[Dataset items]
+ + + + + + +

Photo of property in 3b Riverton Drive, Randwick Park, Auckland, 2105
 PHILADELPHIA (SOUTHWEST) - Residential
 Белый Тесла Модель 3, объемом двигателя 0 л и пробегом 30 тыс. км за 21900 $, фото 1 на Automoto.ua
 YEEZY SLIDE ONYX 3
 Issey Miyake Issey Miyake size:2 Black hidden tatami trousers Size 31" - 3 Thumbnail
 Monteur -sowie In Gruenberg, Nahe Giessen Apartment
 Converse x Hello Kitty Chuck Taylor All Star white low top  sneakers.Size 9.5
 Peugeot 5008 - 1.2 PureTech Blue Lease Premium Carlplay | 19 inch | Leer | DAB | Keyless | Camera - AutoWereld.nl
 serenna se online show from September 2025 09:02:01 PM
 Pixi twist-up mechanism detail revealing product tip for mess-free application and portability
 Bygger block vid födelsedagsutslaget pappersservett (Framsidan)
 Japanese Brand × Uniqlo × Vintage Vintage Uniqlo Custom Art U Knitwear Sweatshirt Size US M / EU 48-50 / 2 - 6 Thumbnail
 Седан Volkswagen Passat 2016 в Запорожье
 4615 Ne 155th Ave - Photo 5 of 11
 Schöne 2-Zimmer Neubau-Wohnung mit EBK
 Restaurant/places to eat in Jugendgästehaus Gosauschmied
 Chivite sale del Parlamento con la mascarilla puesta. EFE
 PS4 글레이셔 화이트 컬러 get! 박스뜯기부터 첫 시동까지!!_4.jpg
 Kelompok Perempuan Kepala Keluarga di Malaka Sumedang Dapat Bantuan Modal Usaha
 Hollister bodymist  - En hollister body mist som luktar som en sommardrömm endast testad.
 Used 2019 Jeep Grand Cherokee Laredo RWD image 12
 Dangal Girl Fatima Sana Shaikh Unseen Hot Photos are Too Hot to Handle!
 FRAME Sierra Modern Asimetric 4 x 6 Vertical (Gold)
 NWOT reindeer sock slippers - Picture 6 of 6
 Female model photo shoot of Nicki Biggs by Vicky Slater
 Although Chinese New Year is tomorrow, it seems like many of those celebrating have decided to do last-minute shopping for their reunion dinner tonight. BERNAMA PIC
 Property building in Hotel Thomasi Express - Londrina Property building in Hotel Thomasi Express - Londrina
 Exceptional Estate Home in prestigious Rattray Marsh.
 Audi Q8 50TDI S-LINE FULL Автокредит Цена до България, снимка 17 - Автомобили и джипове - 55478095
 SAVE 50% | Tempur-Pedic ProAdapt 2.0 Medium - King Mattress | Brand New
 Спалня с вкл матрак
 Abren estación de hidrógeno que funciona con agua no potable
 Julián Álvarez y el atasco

+ + + + + + +

## Task description:
Retype exactly. Start at the line with "YEEZY SLIDE ONYX 3" and stop at the last line of the data.

## Exercise answer:
 YEEZY SLIDE ONYX 3
 Issey Miyake Issey Miyake size:2 Black hidden tatami trousers Size 31" - 3 Thumbnail
 Monteur -sowie In Gruenberg, Nahe Giessen Apartment
 Converse x Hello Kitty Chuck Taylor All Star white low top  sneakers.Size 9.5
 Peugeot 5008 - 1.2 PureTech Blue Lease Premium Carlplay | 19 inch | Leer | DAB | Keyless | Camera - AutoWereld.nl
 serenna se online show from September 2025 09:02:01 PM
 Pixi twist-up mechanism detail revealing product tip for mess-free application and portability
 Bygger block vid födelsedagsutslaget pappersservett (Framsidan)
 Japanese Brand × Uniqlo × Vintage Vintage Uniqlo Custom Art U Knitwear Sweatshirt Size US M / EU 48-50 / 2 - 6 Thumbnail
 Седан Volkswagen Passat 2016 в Запорожье
 4615 Ne 155th Ave - Photo 5 of 11
 Schöne 2-Zimmer Neubau-Wohnung mit EBK
 Restaurant/places to eat in Jugendgästehaus Gosauschmied
 Chivite sale del Parlamento con la mascarilla puesta. EFE
 PS4 글레이셔 화이트 컬러 get! 박스뜯기부터 첫 시동까지!!_4.jpg
 Kelompok Perempuan Kepala Keluarga di Malaka Sumedang Dapat Bantuan Modal Usaha
 Hollister bodymist  - En hollister body mist som luktar som en sommardrömm endast testad.
 Used 2019 Jeep Grand Cherokee Laredo RWD image 12
 Dangal Girl Fatima Sana Shaikh Unseen Hot Photos are Too Hot to Handle!
 FRAME Sierra Modern Asimetric 4 x 6 Vertical (Gold)
 NWOT reindeer sock slippers - Picture 6 of 6
 Female model photo shoot of Nicki Biggs by Vicky Slater
 Although Chinese New Year is tomorrow, it seems like many of those celebrating have decided to do last-minute shopping for their reunion dinner tonight. BERNAMA PIC
 Property building in Hotel Thomasi Express - Londrina Property building in Hotel Thomasi Express - Londrina
 Exceptional Estate Home in prestigious Rattray Marsh.
 Audi Q8 50TDI S-LINE FULL Автокредит Цена до България, снимка 17 - Автомобили и джипове - 55478095
 SAVE 50% | Tempur-Pedic ProAdapt 2.0 Medium - King Mattress | Brand New
 Спалня с вкл матрак
 Abren estación de hidrógeno que funciona con agua no potable
 Julián Álvarez y el atasco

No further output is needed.